|Vol. 19, No. 9||Oct. 28, 1999|
Successful faculty invariably report that they had a mentor-"one of those great people who took an interest in them, early in life," according to Provost Mel Schiavelli.
A $500,000 gift from renowned South Pole explorer Martin A. Pomerantz and his wife, Molly Pomerantz, will make it possible to provide UD students with one more outstanding faculty mentor, Schiavelli said Oct. 27 during a press conference at Clayton Hall.
Pomerantz, who served as director of the Bartol Research Institute from 1959 until 1986, told reporters that his gift reflects his "special connection" with the University.
"I believe very strongly in the mission of Delaware... which is to do research at the cutting edge," Pomerantz explained. "Conditions here are just outstanding to support that effort."
Because education and research are "inextricably intertwined," Pomerantz said, students must have opportunities to work closely with senior faculty researchers.
Recruiting and retaining excellent faculty members is a top priority for UD, and a central goal of the ongoing capital campaign, President David P. Roselle said.
Recommendations to fill the Martin A. Pomerantz Chair of Physics and Astronomy will be reviewed by a faculty committee and by Bartol President Norman F. Ness, as well as Thomas M. DiLorenzo, dean of the College of Arts and Science, and others, Schiavelli said.
Now living in Alabama, Pomerantz was among the first to recognize the value of Antarctica as "the world's coldest laboratory," Roselle said. Over Antarctica, a window in the Earth's magnetic field permits the entry of cosmic particles from space. In addition, data collection is not interrupted by clouds or the setting sun, Bartol researchers explained in a videotaped tribute to Pomerantz, which was shown at the press conference.
"Much of what we currently know about the universe and its formation, we owe to Dr. Pomerantz," Roselle said as he thanked Molly and Martin Pomerantz. "Isn't it a nice thing, that a retired employee has chosen to come back and give us a very generous gift?"
The Pomerantz legacy "is both a spirit of adventure in scientific research, as well as the maintenance of very high standards," Ness said on the videotape, created by Information Technologies/University Media Services.
Today, neutron monitors in Greenland, Delaware and Antarctica-part of a scientific base designated by the National Science Foundation as the Pomerantz Tableland-allow scientists to study highly energetic cosmic rays that constantly bombard the Earth.

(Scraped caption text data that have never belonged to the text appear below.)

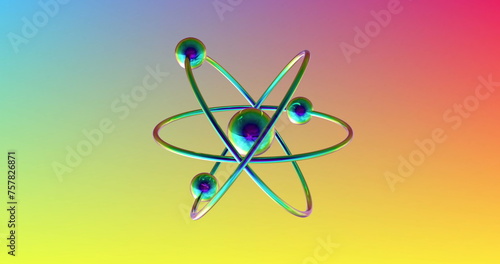 Image of atom model spinning over gradient vibrant background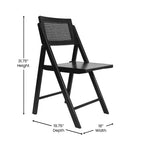Merrick Lane Lot de 2 chaises pliantes en rotin et cannage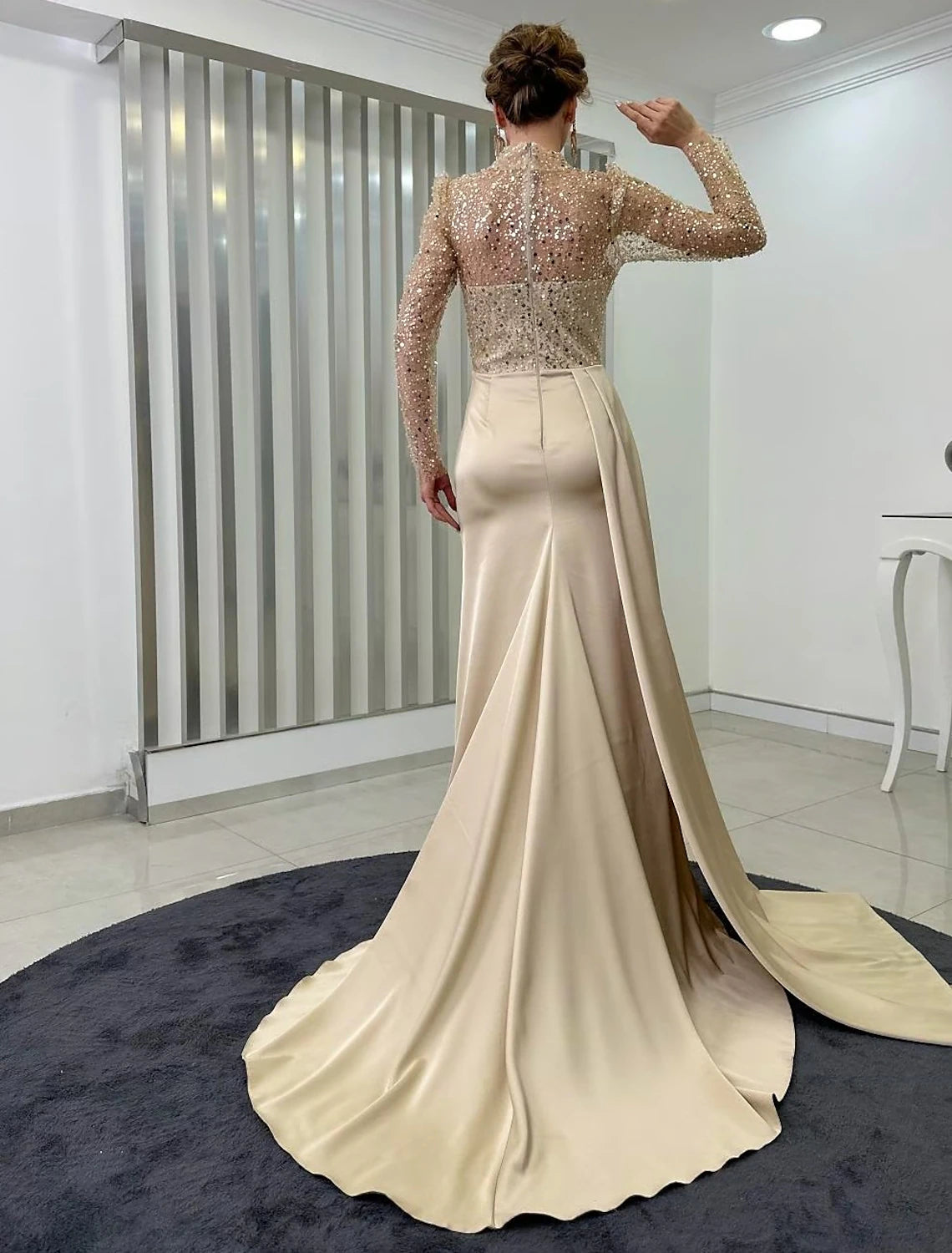 Mermaid / Trumpet Evening Gown Elegant Dress Wedding Guest Fall Court Train Long Sleeve High Neck Satin with Ruched Pearls Slit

Research based in Antarctica offers both fundamental and practical insights, Pomerantz said. Understanding "space weather," for example, helps researchers predict cosmic disturbances that can affect the electrical grid on Earth. Certain Antarctic studies also have been useful for investigating the impacts of space radiation on astronauts and spacecraft, he added.
Born in Brooklyn Dec. 17, 1916, Pomerantz said he first began conducting research at Bartol while he was still pursuing a master's degree. Working with Bartol "has been my only job," he quipped at the press event. "I started as a graduate student... and essentially stayed on!"

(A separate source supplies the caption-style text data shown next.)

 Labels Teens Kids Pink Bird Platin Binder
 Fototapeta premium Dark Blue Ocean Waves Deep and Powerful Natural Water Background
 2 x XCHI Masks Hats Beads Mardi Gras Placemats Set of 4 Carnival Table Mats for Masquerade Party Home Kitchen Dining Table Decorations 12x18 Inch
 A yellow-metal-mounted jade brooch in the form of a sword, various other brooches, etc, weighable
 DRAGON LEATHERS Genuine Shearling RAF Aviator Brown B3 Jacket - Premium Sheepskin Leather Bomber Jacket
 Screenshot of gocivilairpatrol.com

Pomerantz served as research assistant for Bartol from 1938 until 1941, then became a research fellow. After completing his doctoral education and carrying the National Geographic Society flag to the South Pole, he assumed a leadership role at Bartol.

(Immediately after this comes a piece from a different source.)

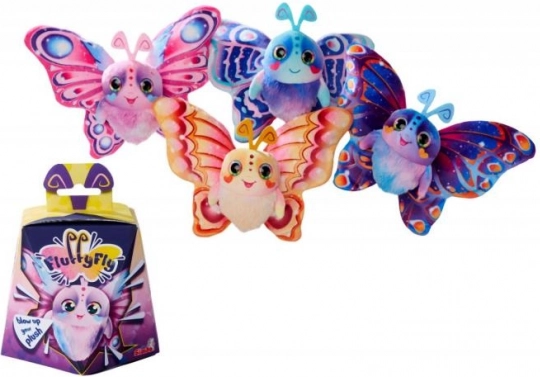 Pluszowy motylek FluffyFly 12 cm – nadmuchiwane skrzydełka, 4 kolory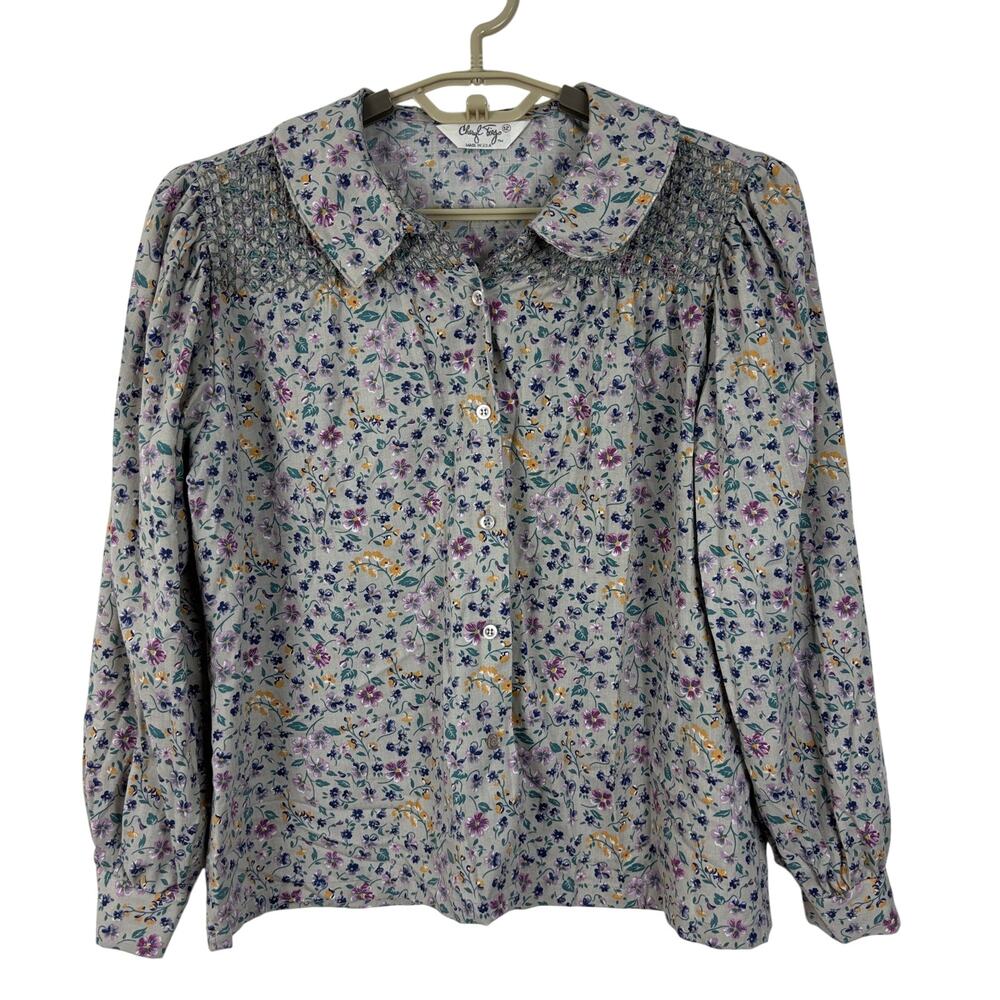 Vintage Floral Blouse Cheryl Tiegs 12 petite cotton blend USA cottage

His pioneering research now benefits the current generation of UD students and Bartol scientists like postdoctoral fellow Glenn Spiczak. "The opportunity I've been given to go [to the South Pole] is a direct result of Dr. Pomerantz's work," Spiczak explained on the videotape. "The Pomerantz endowed chair position will allow [UD] to bring in some more well-known researchers to Bartol and also create opportunities for a lot more young scientists like myself to come to Bartol and continue on with his research."